Loading learning content...
Imagine a hospital emergency room where patients arrive continuously, each with a different severity level. Every time a new patient walks in, the system must instantly integrate them into the queue while maintaining the invariant that the most critical patient is always accessible for immediate treatment. The challenge isn't just recording the new patient—it's positioning them correctly among potentially thousands of others, and doing so in a fraction of a second.
This is the insert operation in a heap: the ability to add a new element while preserving the heap's structural and ordering properties. What makes heaps remarkable is that this seemingly complex reorganization happens in O(log n) time—regardless of heap size. A heap with 10 elements and a heap with 10 million elements both require the same bounded number of comparisons relative to their height.
In this page, we'll dissect the insertion algorithm completely: the intuition behind it, the precise mechanics, the proof of correctness, the complexity analysis, and the subtle implementation details that distinguish robust code from buggy code.
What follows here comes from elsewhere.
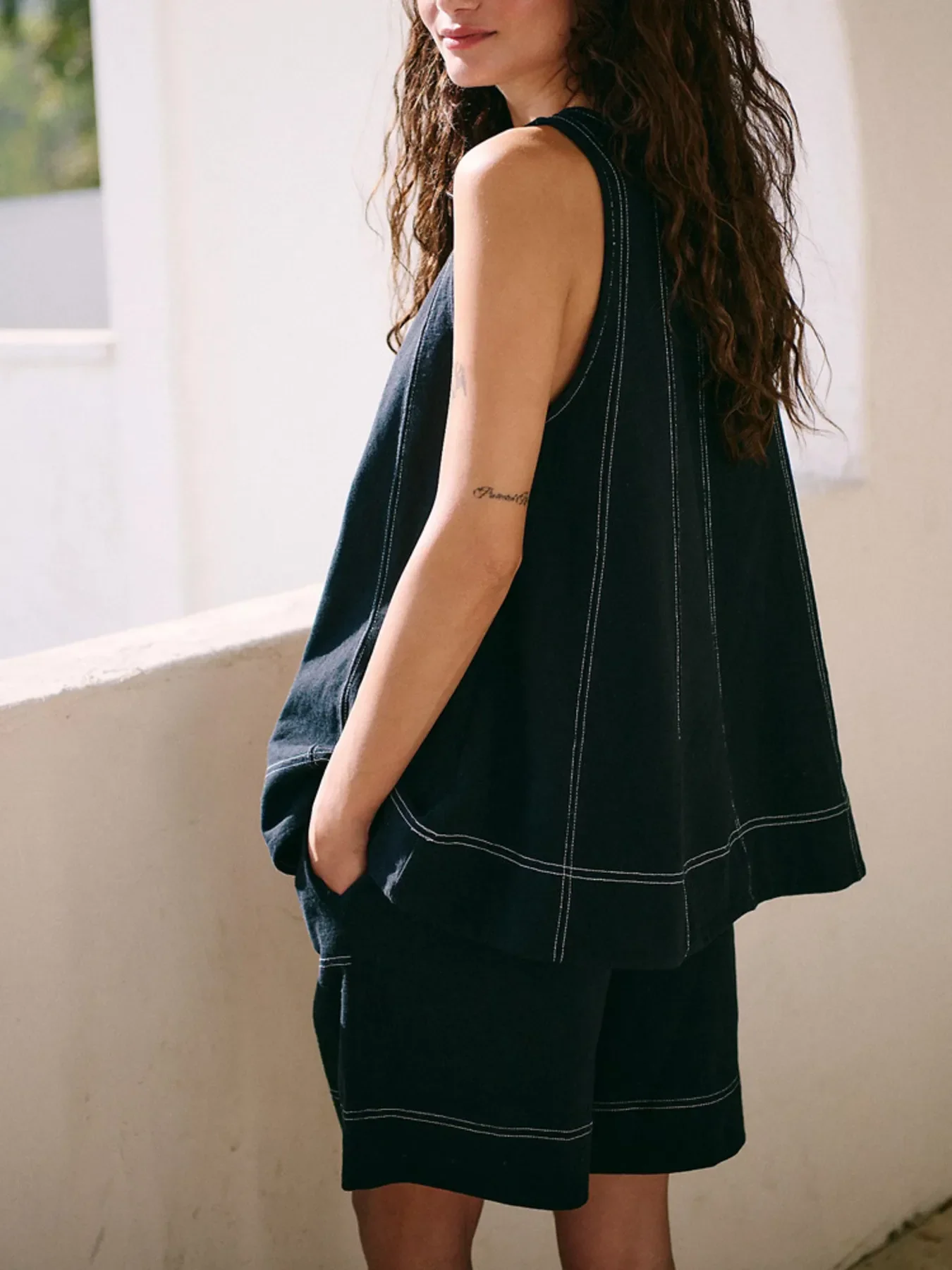 Casual Contrast Stitch Denim Tank Top and Shorts Set - Image 3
By the end of this page, you will deeply understand: (1) Why elements are always inserted at the end of the heap array; (2) How the bubble-up (heapify-up) process restores the heap property; (3) The invariant maintained at each step of the algorithm; (4) Why insertion is O(log n) in the worst case; (5) Common implementation pitfalls and how to avoid them.
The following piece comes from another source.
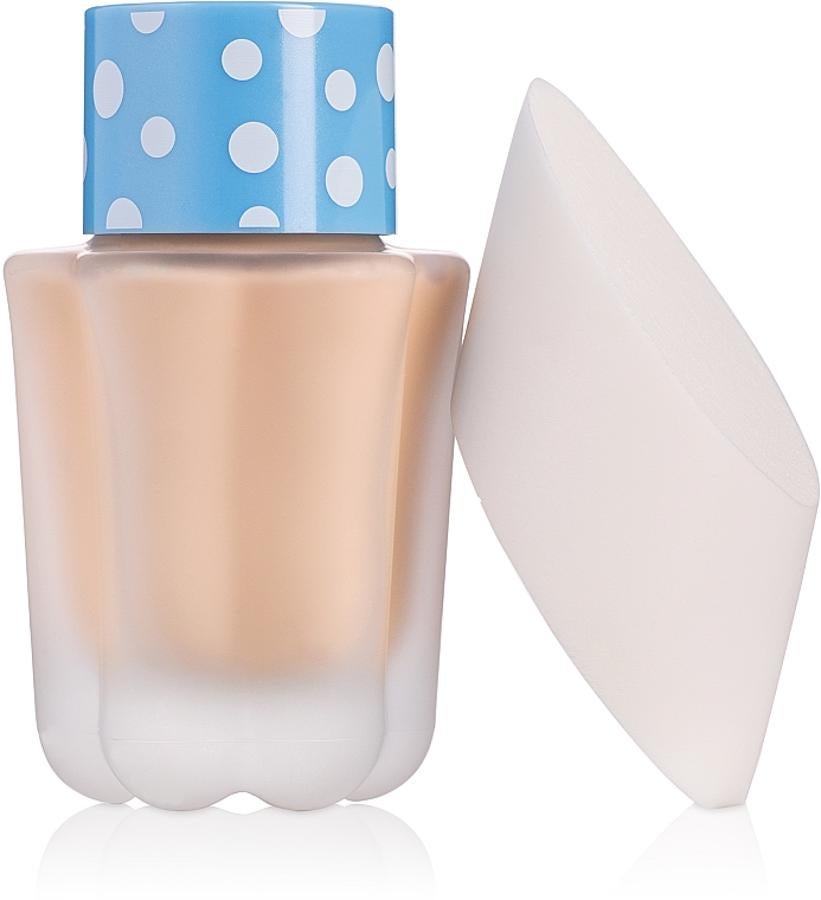 Revitaliza la piel mediante la combinación de a menta y el complejo de algas marinas. Muy ligera y perfecta para un efecto rostro despierto.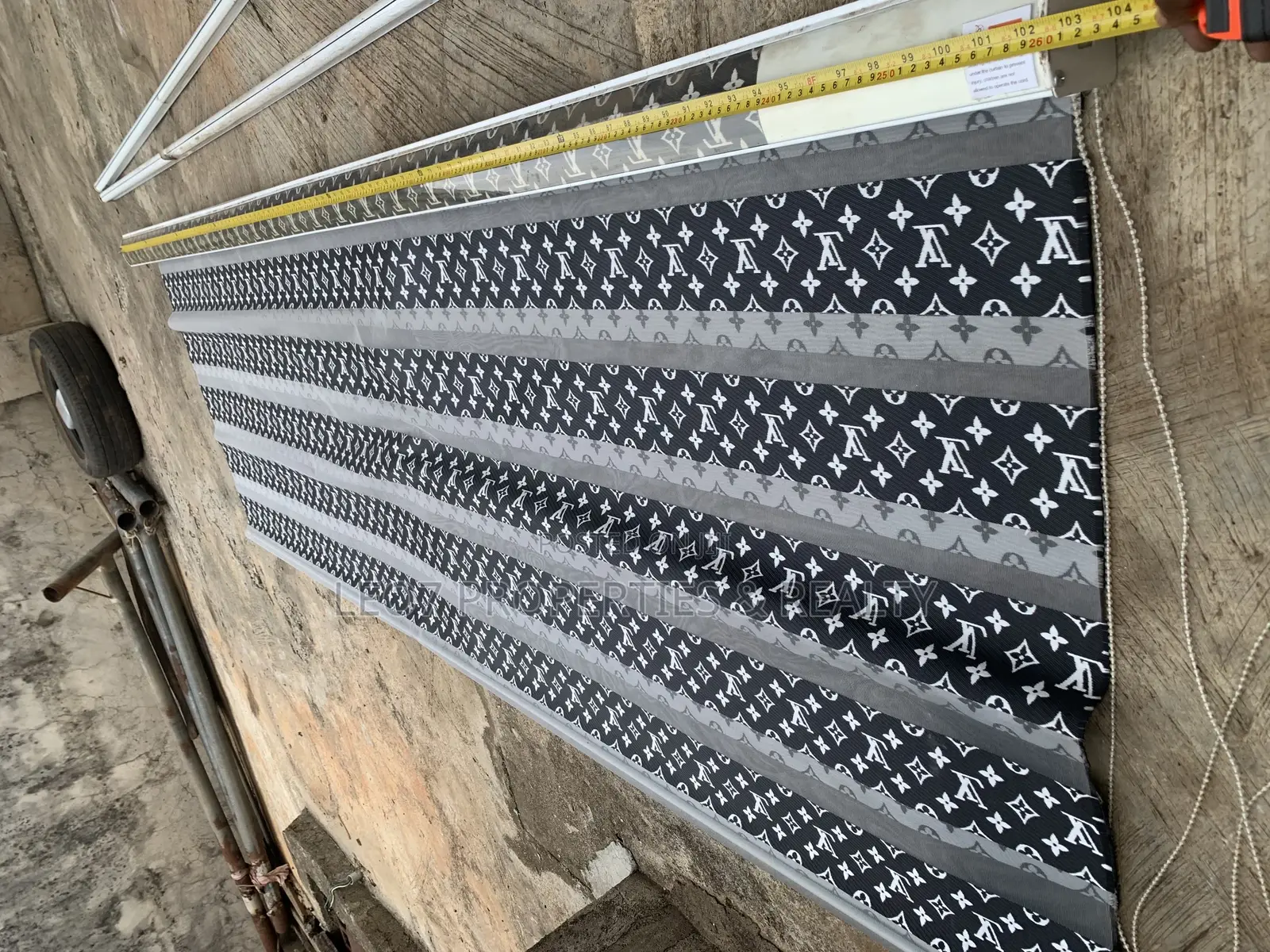 Window Blind 8ft.7inch (2.6 Meter Wide)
Before we examine the heap's insertion strategy, let's understand why insertion is non-trivial by considering what doesn't work.
Attempted Strategy 1: Insert at Root
Suppose we tried inserting a new element at the root (index 0). This would immediately violate the complete binary tree property. The root already has children, and we'd need to "push" the entire tree down, displacing every element. This is an O(n) operation—completely unacceptable for a data structure designed for efficiency.
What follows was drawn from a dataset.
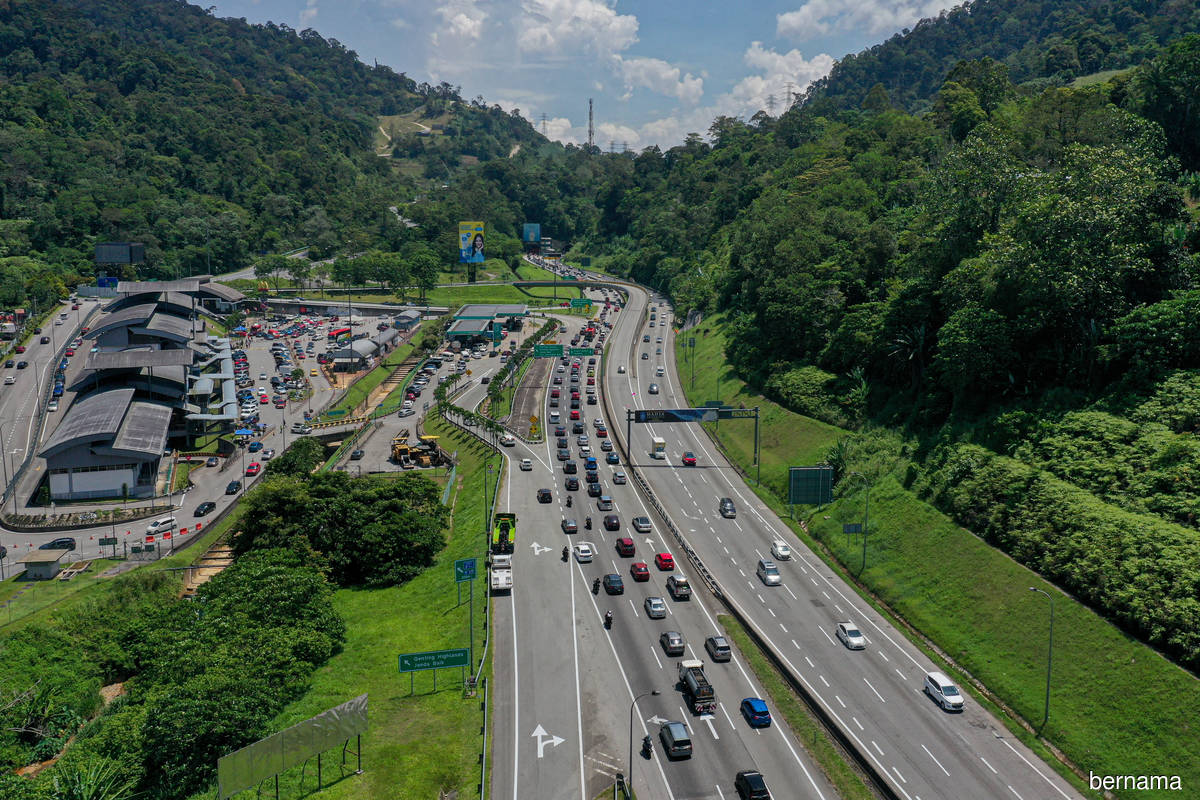 KL Karak Highway Closed At KM66 1 Due To Sinkhole Near Bentong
Attempted Strategy 2: Insert at Random Position
What if we found a random empty spot? But heaps don't have random empty spots. The array is densely packed because heaps are complete binary trees—every index from 0 to n-1 is occupied. We can't just place an element anywhere.
Attempted Strategy 3: Find Correct Position First
We might try scanning the heap to find where the new element "should" go based on its value. But this would require O(n) comparisons in the worst case, and after insertion, we'd still need to shift elements. This is no better than a sorted array.
The heap's solution is elegant: insert at the end, then fix upward. By adding the element at the first available position (maintaining the complete tree structure) and then "bubbling" it up to its correct location, we achieve O(log n) insertion with minimal disruption.
The heap separates two concerns: (1) Maintaining the complete binary tree shape (solved by always inserting at the end); (2) Maintaining the heap ordering property (solved by bubbling up). This separation is what makes heaps efficient—shape maintenance is O(1), and order restoration is O(log n).
The bubble-up algorithm (also called heapify-up, sift-up, up-heap, or percolate-up) is the core mechanism for restoring the heap property after insertion. Let's define it precisely.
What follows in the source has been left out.